--- DATA SEGMENT ---
▽

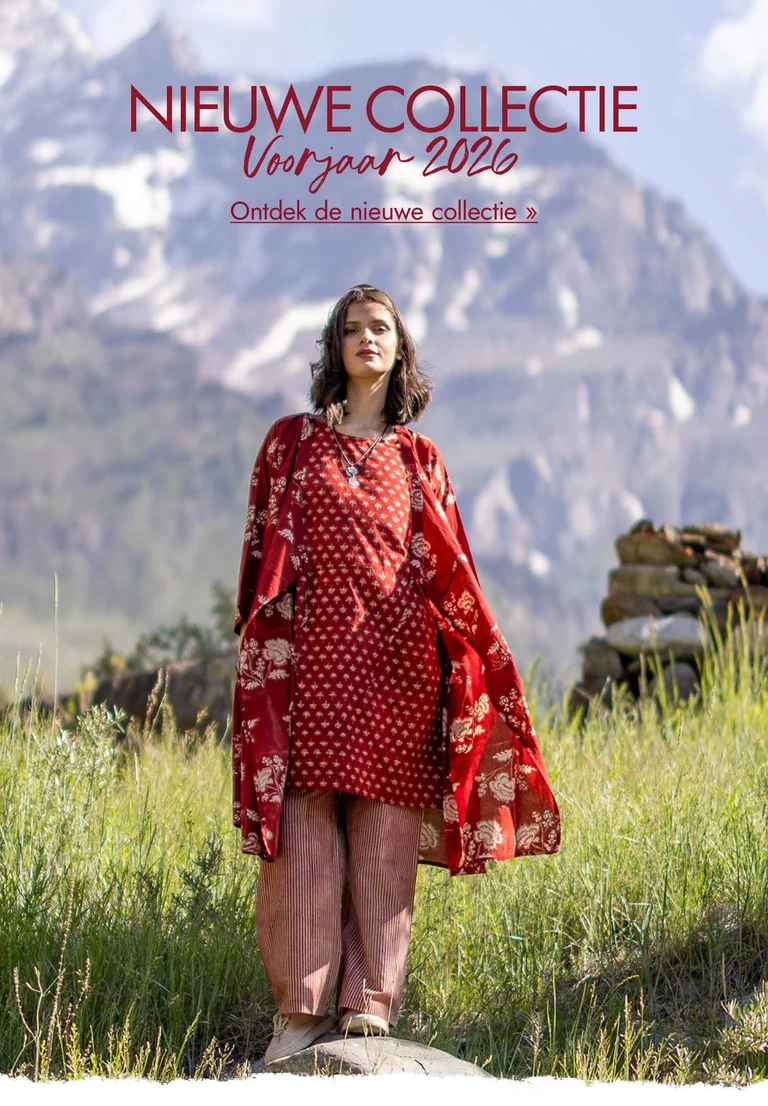 Een vrouw in een berglandschap gekleed in laagjes rode, geweven kleding van Gudrun Sjödén.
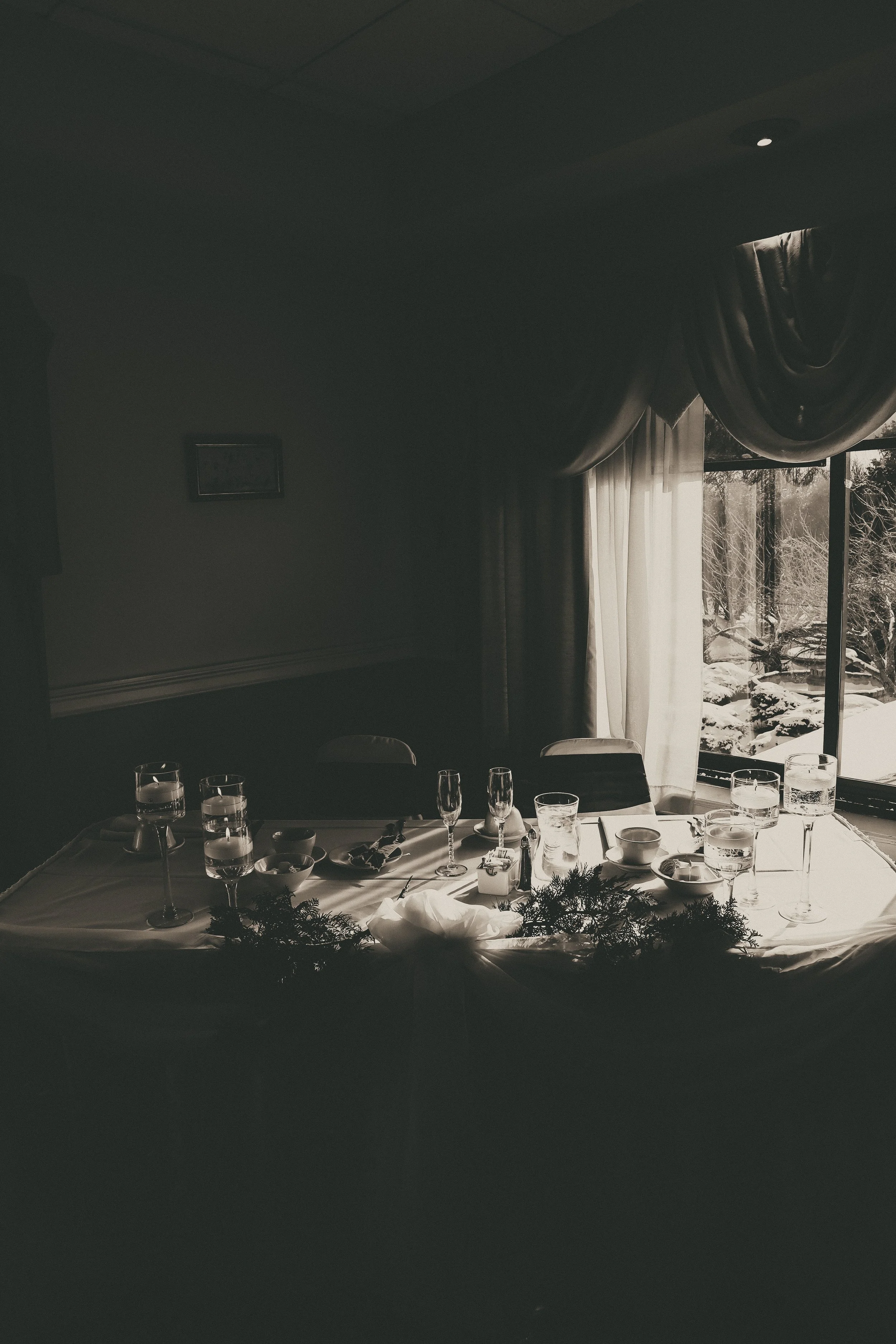 A dimly lit dining room with a table set with glasses, bowls, and decorative greenery, with a large window revealing a snowy outdoor landscape.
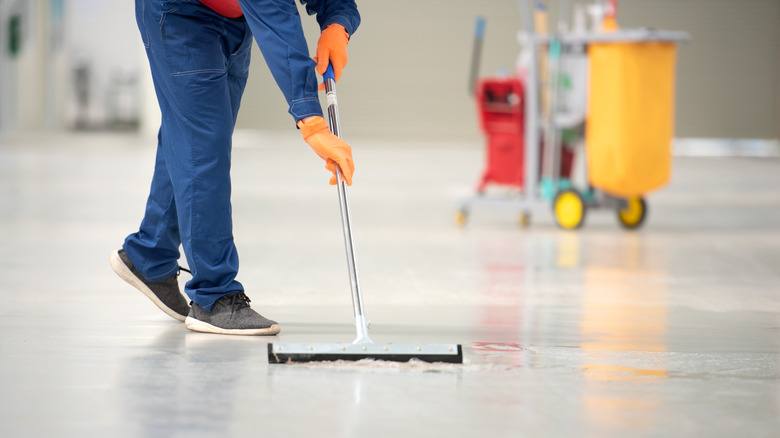 Custodian cleaning floor with mop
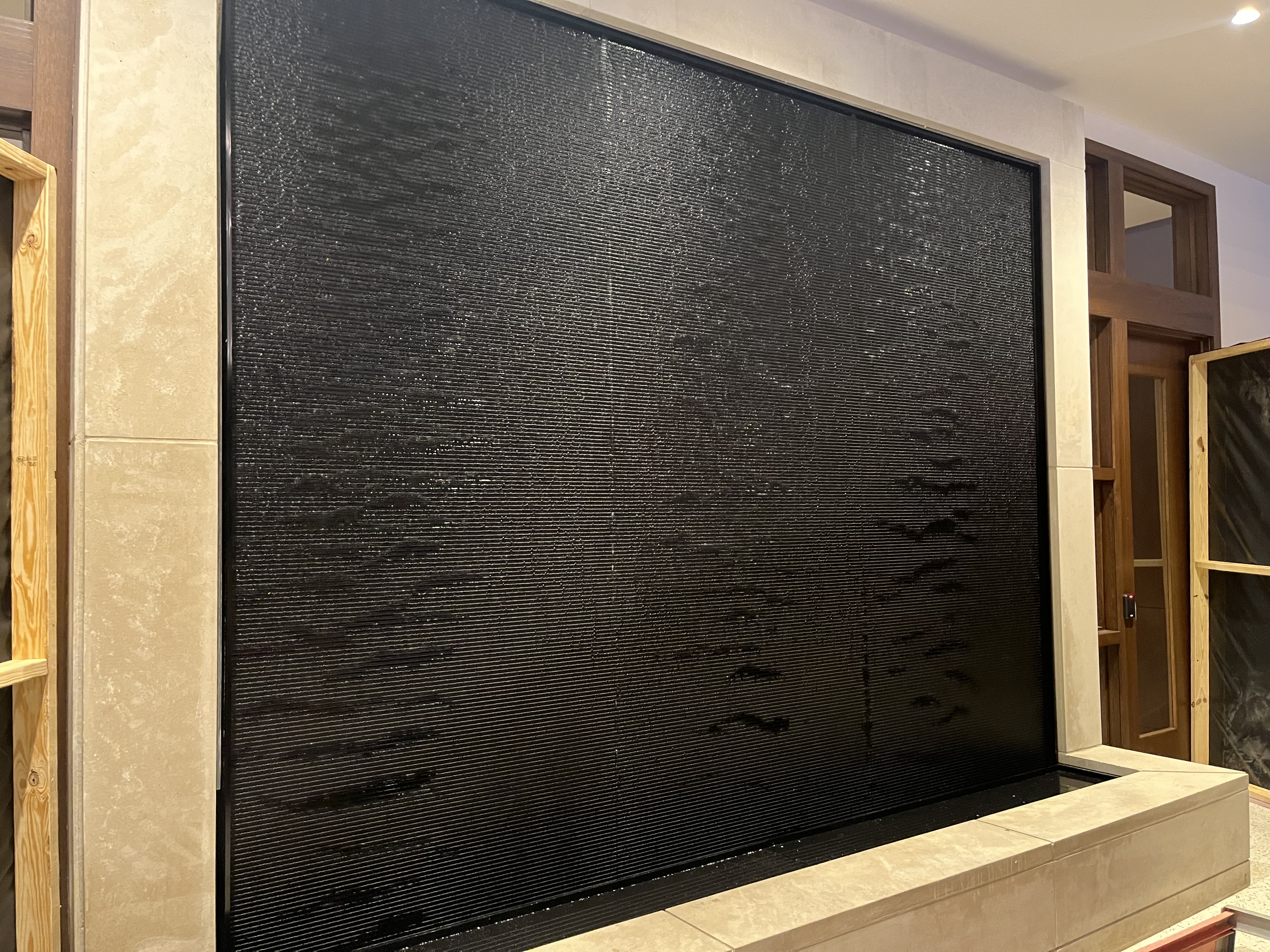 Black Scored Acrylic Water Wall with Reflection Pool For Montgomery Bell Academy in Nashville, Tennessee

△

--- PROBLEM DESCRIPTION ---
The answer should match the data above word for word, with no pictures in it.

--- TASK ANSWER ---
 Een vrouw in een berglandschap gekleed in laagjes rode, geweven kleding van Gudrun Sjödén.
 A dimly lit dining room with a table set with glasses, bowls, and decorative greenery, with a large window revealing a snowy outdoor landscape.
 Custodian cleaning floor with mop
 Black Scored Acrylic Water Wall with Reflection Pool For Montgomery Bell Academy in Nashville, Tennessee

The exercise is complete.